Algunos comunicadores y medios de prensa se han lanzado en contra del nuevo secretario de Gobernación, en una campaña que centra los ataques en la profesión de la religión católica del secretario y su condición de laico comprometido con los principios de la doctrina Socialcristiana.
Los señalamientos evocan conflictos del siglo diecinueve y revelan un carácter discriminatorio que debe ser conjurado en aras de la pluralidad y la convivencia, porque todos merecemos respeto en cuanto a nuestro modo de pensar, credo, raza y clase social. En todo caso, los funcionarios públicos (y toda persona) deben responder de sus actos y de los resultados de sus actos y no deben ser juzgados por su manera de pensar o de profesar una creencia.
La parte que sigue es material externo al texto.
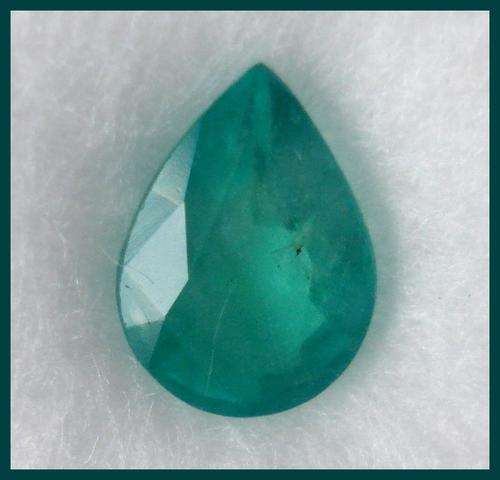 EXQUISITE  NATURAL EMERALD - PEAR SHAPED   0.60CT (with gem report)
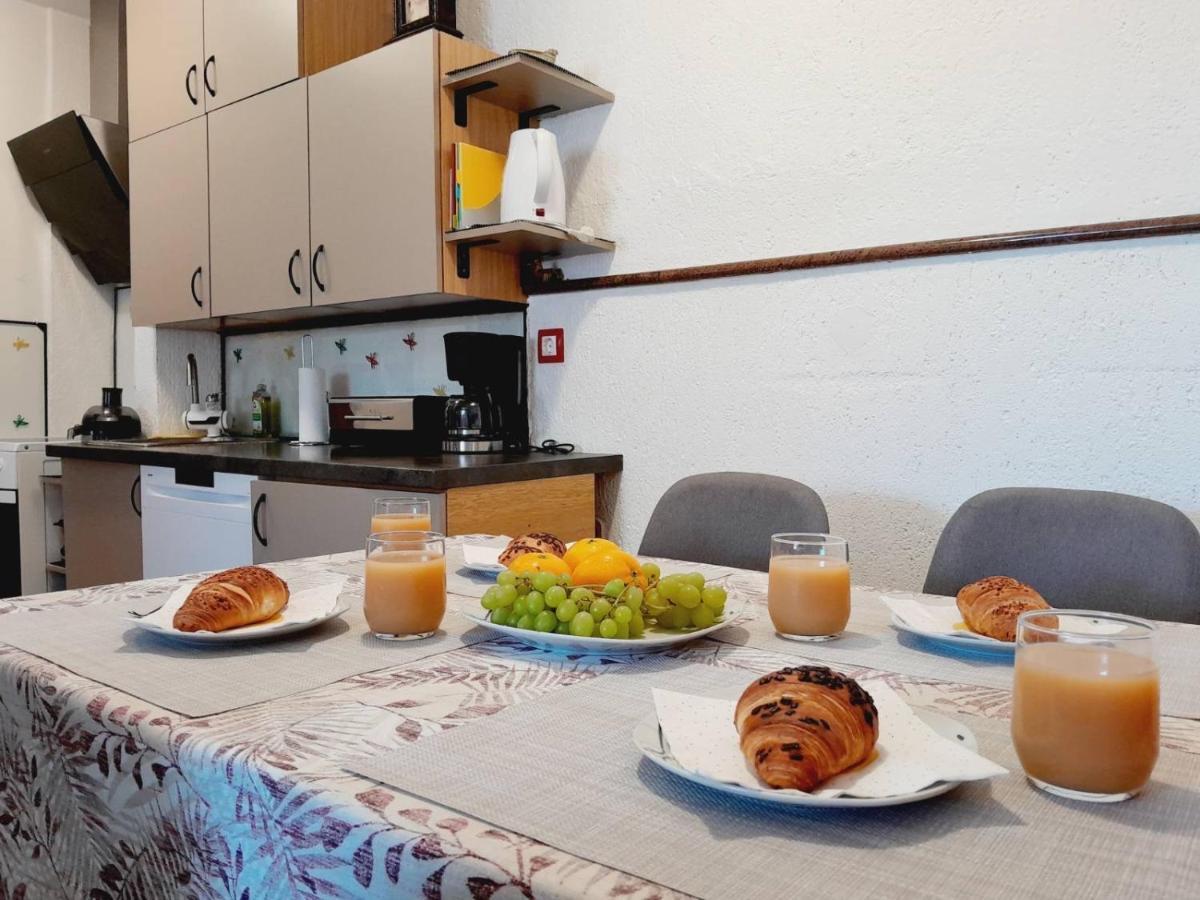Apartment Mila With Jacuzzi Spa Пула Екстериор снимка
En un ejercicio de la política en nuestro país, en el que el relativismo, la falta de principios y la ausencia de referentes éticos han sido la regla general al través de la historia, es positivo que participen cada vez más en los puestos públicos, ciudadanos formados en las religiones o filosofías que fueren, que promuevan en los hechos el bien común de la sociedad y el respeto a la dignidad y a los derechos fundamentales de la persona humana.
Los cierto es que los críticos de Abascal Carranza no le perdonan su origen como simple ciudadano que desde una posición de dirigente social, remonta a puestos antes reservados de manera exclusiva y excluyente a elementos designados en función de los intereses del grupo en el poder a los ritmos y conveniencia del antiguo régimen de partido de Estado.
Los ataques en contra de Abascal debido a su fe religiosa, acusan un alto grado de descomposición de nuestra vida pública, que se manifiesta en los múltiples conflictos en los que los mexicanos estamos inmersos y que es preciso resolver.
Ante los riesgos que lo anterior implica para nuestro país y a propósito de la Iglesia Católica, conviene recordar las palabras que el 23 de junio de 1986, pronunció el entonces cardenal Joseph Ratzinger hoy Benedicto XVI, en el marco de un encuentro sacerdotal en Alemania: “un pueblo puede destruirse a sí mismo por completo, sin necesidad de agresiones exteriores, cuando ha perdido la capacidad de paz y de reconciliación...”.